China Railway Engineering Equipment Group Co., Ltd.
- Native name: 中铁工程装备集团有限公司
- Company type: State-owned enterprise
- Industry: Equipment manufacturing
- Predecessor: China Railway Tunnel Equipment Manufacturing Co., Ltd.
- Founded: 22 December 2009; 16 years ago
- Headquarters: No. 99, Sixth Avenue, Zhengzhou Economic and Technological Development Zone, Henan Province, China
- Key people: Lin Junke (legal representative, chairman)
- Products: Tunnel boring machine
- Services: Equipment leasing and overhaul, electromechanical engineering construction, technical services, etc.
- Revenue: 2.5 billion RMB (2013)
- Number of employees: 1,300 (2015)
- Subsidiaries: China Railway Engineering Equipment Group Shield Machine Manufacturing Co., Ltd.
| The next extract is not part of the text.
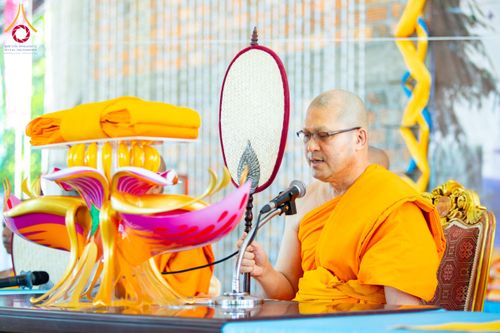 ภาพ No.179338:พิธีทอดกฐิน ณ ธุดงคสถานลำพูน อำเภอบ้านโฮ่ง จังหวัดลำพูน ในโครงการกฐินสามัคคีทั่วไทย 30,000 วัด บูชาธรรม 80 ปี หลวงพ่อธัมมชโย โดยคณะศิษยานุศิษย์วัดพระธรรมกาย วันที่ 15 พฤศจิกายน พ.ศ. 2567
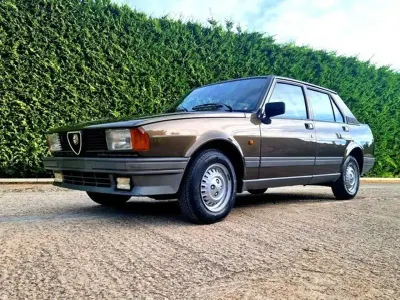 Usata Alfa Romeo Giulietta 109 CV (80 kW) 1984 Marrone Berlina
China Railway Engineering Equipment Group Tunnel Equipment Manufacturing Company China Railway Engineering Equipment Group Technology Service Co., Ltd. China Railway Engineering Equipment Group Mechanical and Electrical Engineering Co., Ltd. China Railway Engineering Equipment Group Drill Rig Manufacturing Co., Ltd.
- Website: www.crectbm.com

= China Railway Engineering Equipment Group =

Chinese construction company

China Railway Engineering Equipment Group Co., Ltd. (中铁工程装备集团有限公司, abbreviated as CERG ("中铁装备")) is a construction machinery manufacturing enterprise under China Railway Group Limited, registered in Zhengzhou, Henan Province. Its most well-known product is the Tunnel boring machine.

As of 2025, the company has received more than 1,800 orders for shield machines and TBMs in total, with its products exported to 34 countries and regions worldwide.

== History ==
On 22 December 2009, China Railway Tunnel Equipment Manufacturing Co., Ltd. was established in Zhengzhou National Economic and Technological Development Zone, which is the predecessor of China Railway Engineering Equipment Group.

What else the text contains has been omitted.